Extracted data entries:
[Start of Attachment]

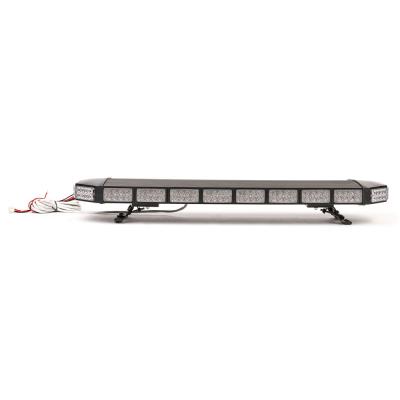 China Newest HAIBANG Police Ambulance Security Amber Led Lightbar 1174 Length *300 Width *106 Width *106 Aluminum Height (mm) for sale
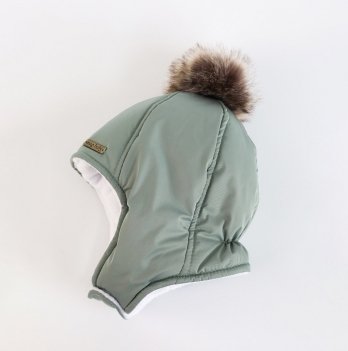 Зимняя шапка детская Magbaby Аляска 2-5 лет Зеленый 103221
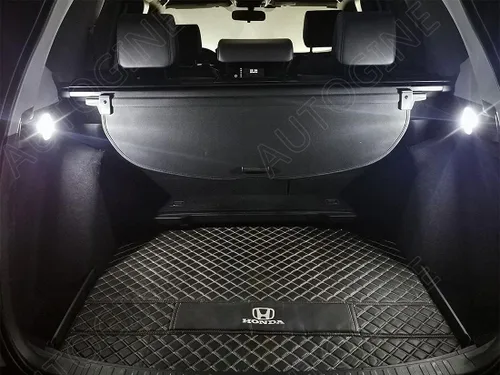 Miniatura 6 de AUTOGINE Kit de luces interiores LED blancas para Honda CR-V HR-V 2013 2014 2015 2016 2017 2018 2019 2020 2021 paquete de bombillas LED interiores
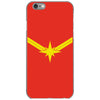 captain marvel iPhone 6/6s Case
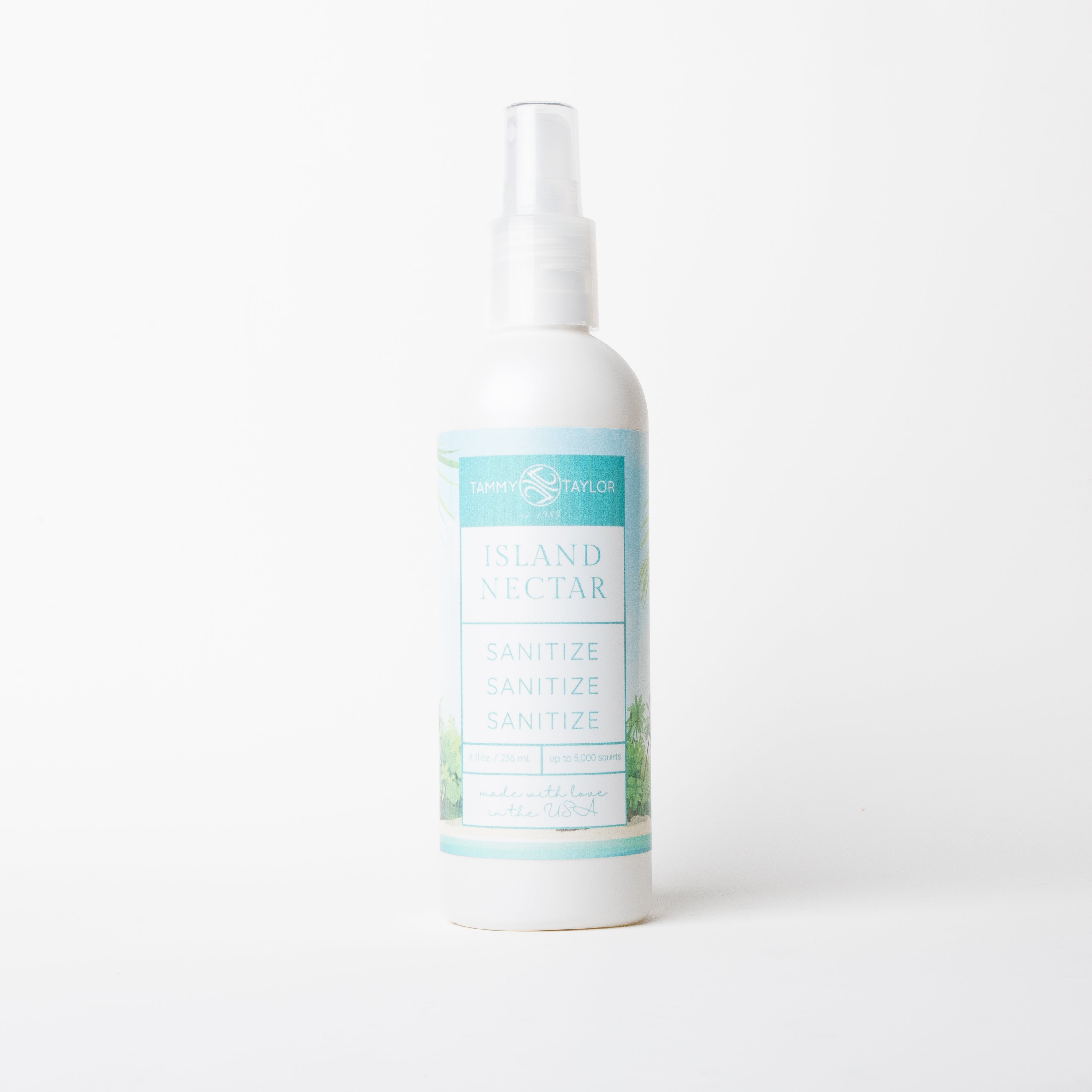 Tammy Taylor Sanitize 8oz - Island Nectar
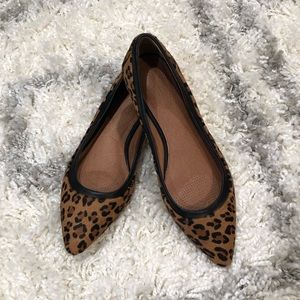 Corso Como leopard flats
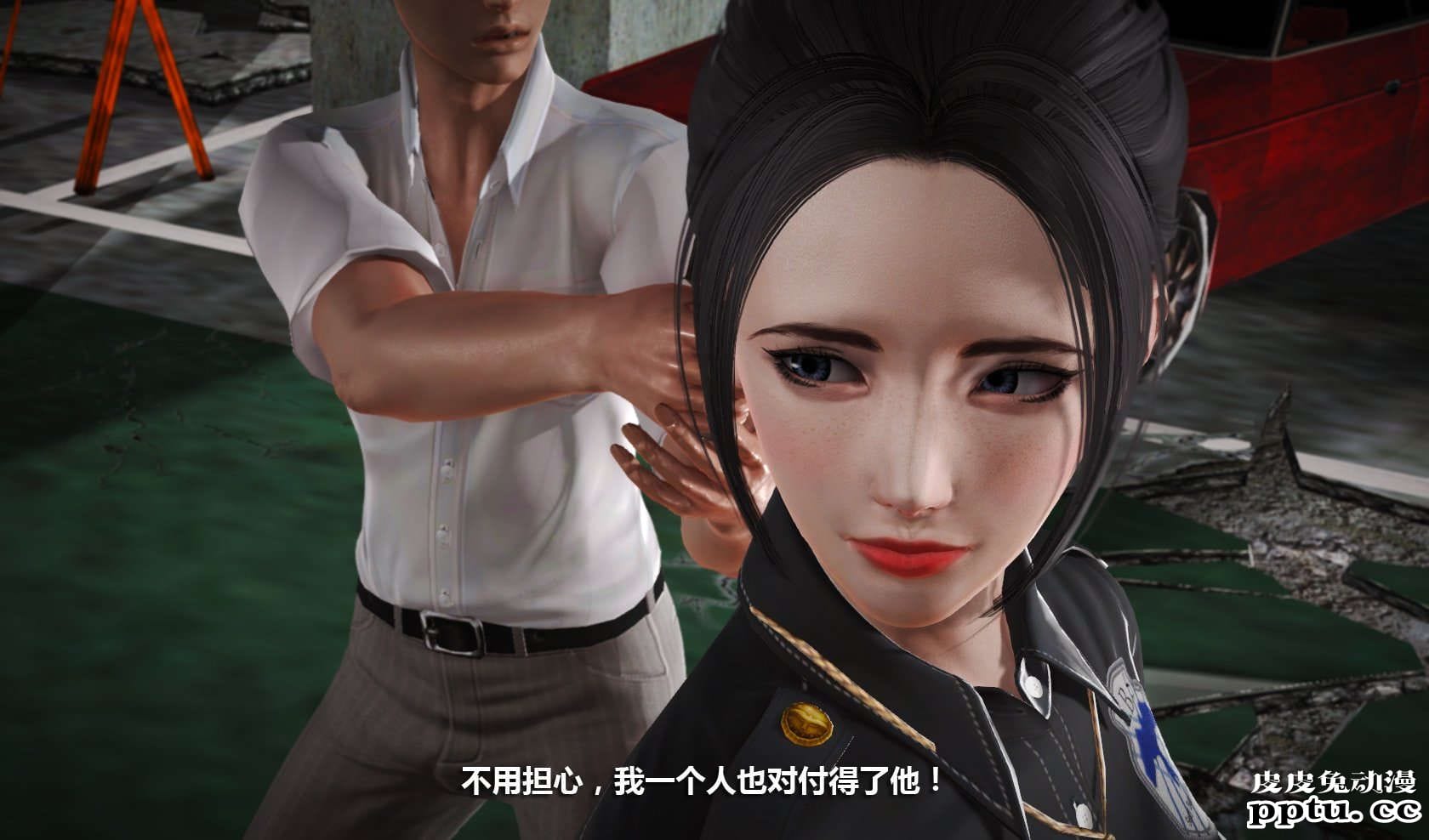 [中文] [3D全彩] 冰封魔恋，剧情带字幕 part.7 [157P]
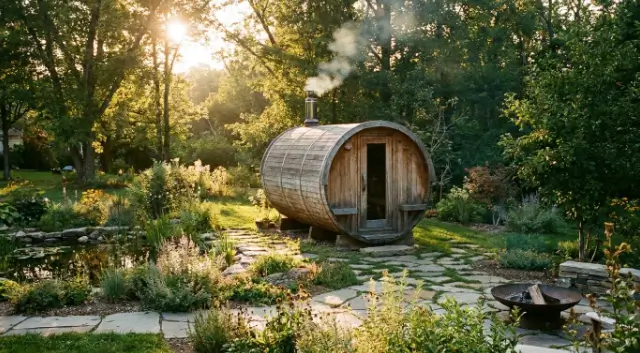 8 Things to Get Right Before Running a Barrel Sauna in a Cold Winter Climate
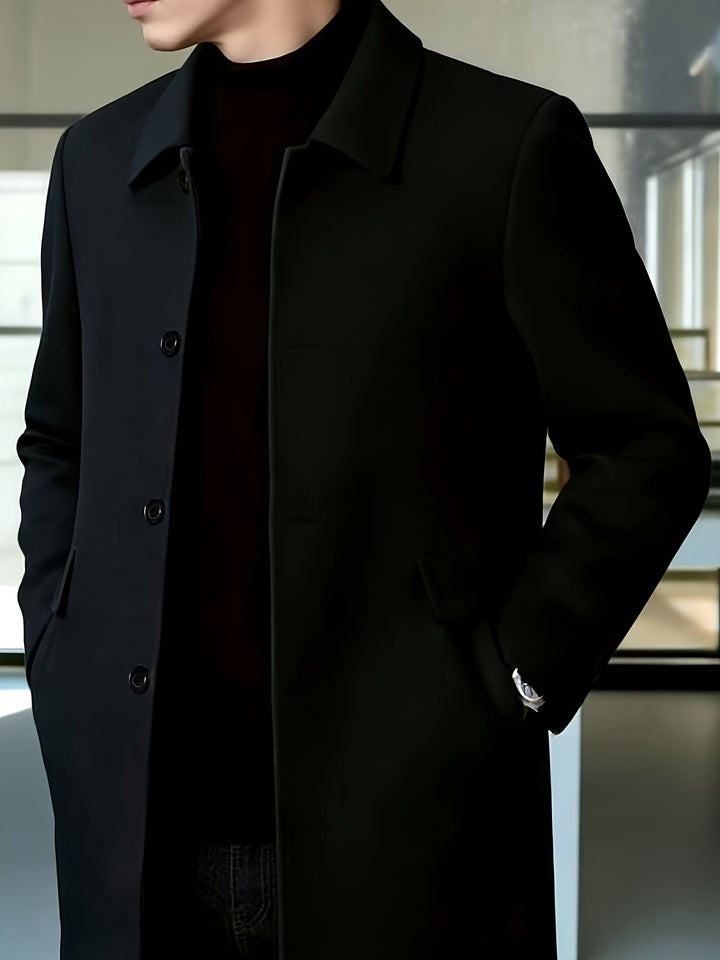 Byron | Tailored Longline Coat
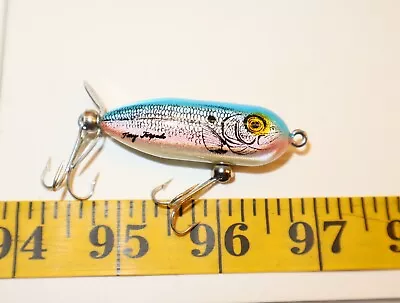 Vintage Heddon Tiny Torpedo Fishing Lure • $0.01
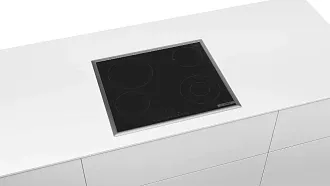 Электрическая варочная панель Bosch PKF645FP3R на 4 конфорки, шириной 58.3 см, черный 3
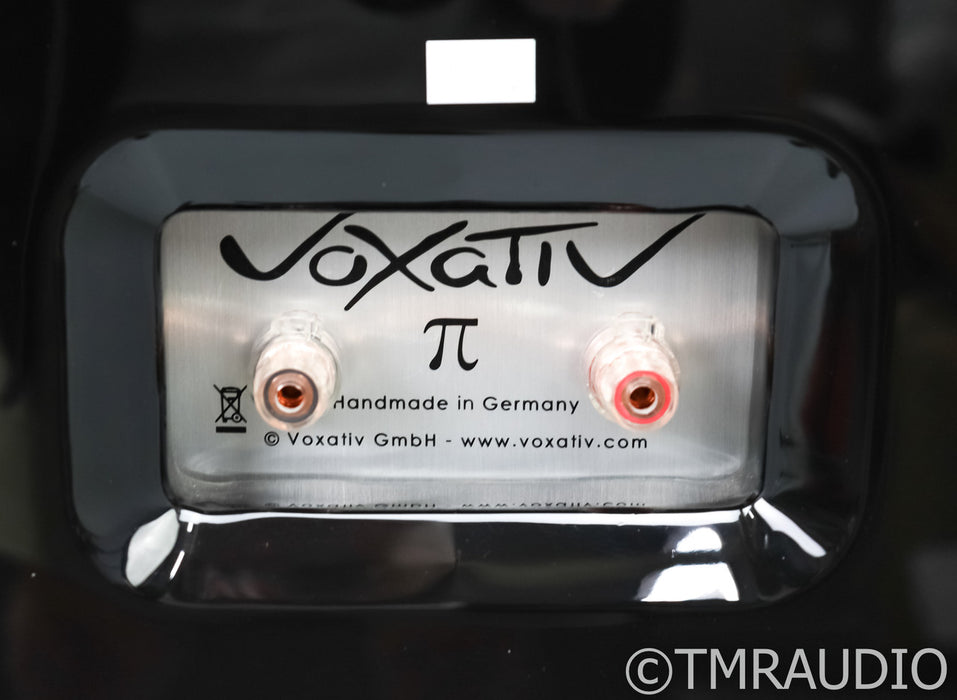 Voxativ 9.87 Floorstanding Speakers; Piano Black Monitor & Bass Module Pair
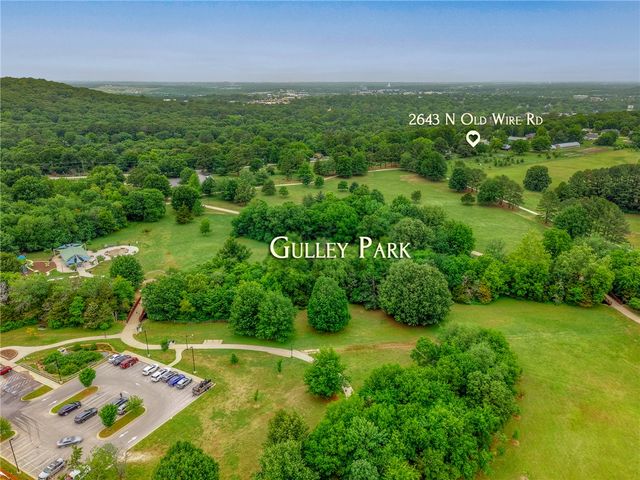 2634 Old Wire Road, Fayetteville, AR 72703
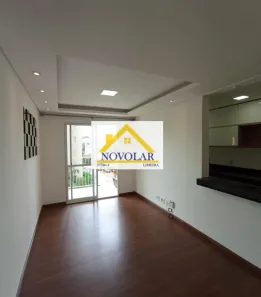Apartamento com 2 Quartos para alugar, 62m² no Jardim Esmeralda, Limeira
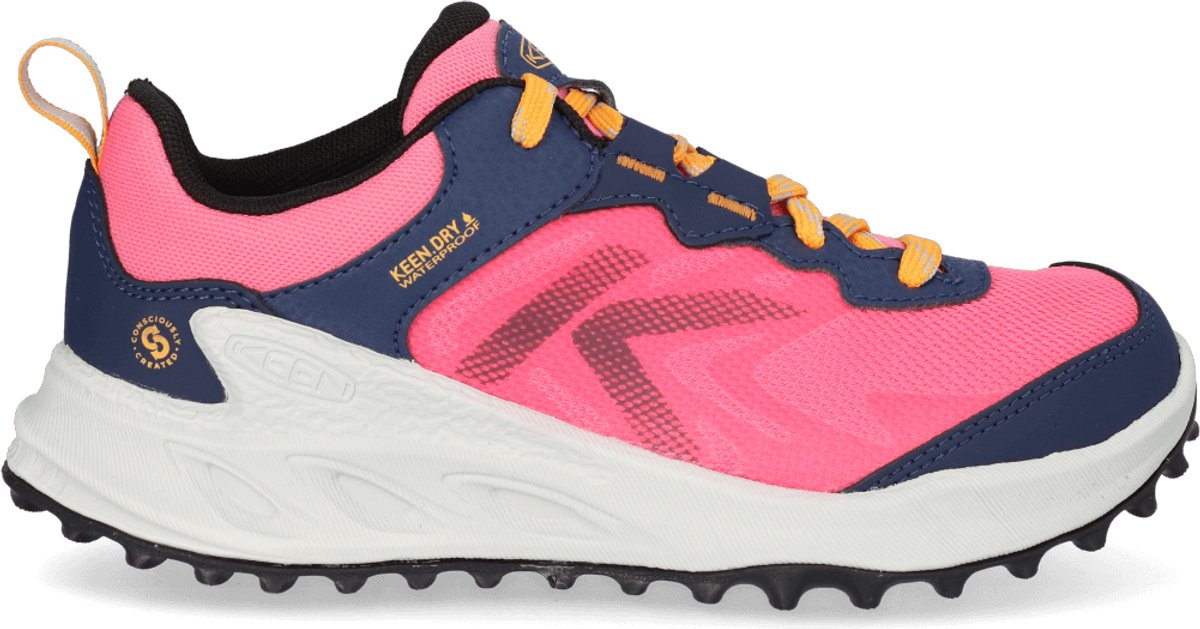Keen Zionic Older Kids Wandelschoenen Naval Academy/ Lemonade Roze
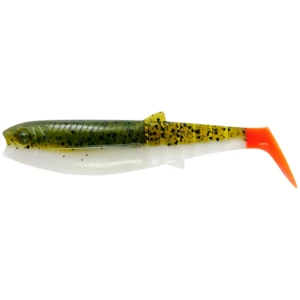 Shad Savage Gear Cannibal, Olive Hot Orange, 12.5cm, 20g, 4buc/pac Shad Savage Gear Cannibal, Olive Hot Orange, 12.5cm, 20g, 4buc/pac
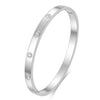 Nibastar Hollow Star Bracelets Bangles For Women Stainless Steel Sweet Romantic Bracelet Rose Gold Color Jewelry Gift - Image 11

[End of Attachment]

- Problem to solve
All that is needed is an exact copy of the lines from the top of the entries through the line containing "Зимняя шапка детская", pictures left out.

- Solution to this task
 China Newest HAIBANG Police Ambulance Security Amber Led Lightbar 1174 Length *300 Width *106 Width *106 Aluminum Height (mm) for sale
 Зимняя шапка детская Magbaby Аляска 2-5 лет Зеленый 103221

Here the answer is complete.